* _Action item_: Set down the whole listing below exactly, without pictures.

* _Provided data_:
•••••

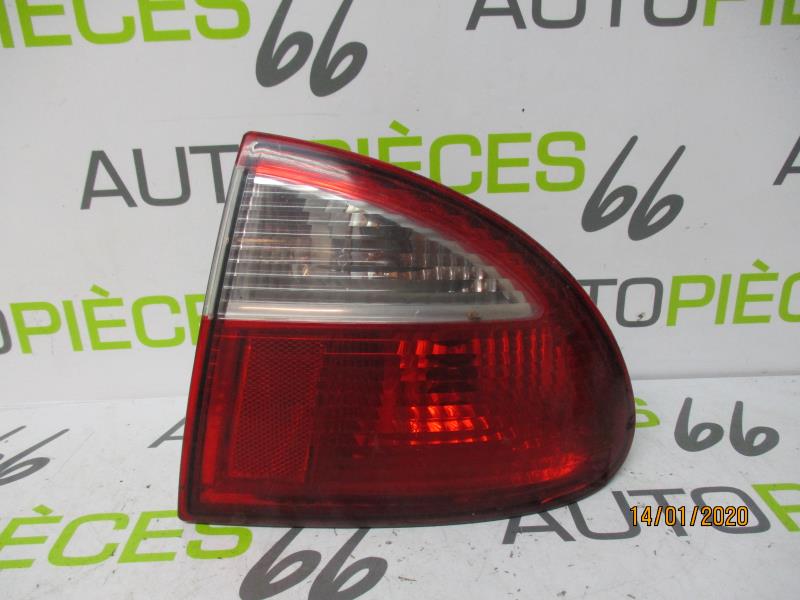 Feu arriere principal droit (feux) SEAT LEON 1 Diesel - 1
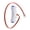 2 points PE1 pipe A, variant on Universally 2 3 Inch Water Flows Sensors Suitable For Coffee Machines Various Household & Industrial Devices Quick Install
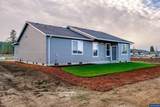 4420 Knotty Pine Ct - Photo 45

•••••

* _Exercise solution_:
 Feu arriere principal droit (feux) SEAT LEON 1 Diesel - 1
 2 points PE1 pipe A, variant on Universally 2 3 Inch Water Flows Sensors Suitable For Coffee Machines Various Household & Industrial Devices Quick Install
 4420 Knotty Pine Ct - Photo 45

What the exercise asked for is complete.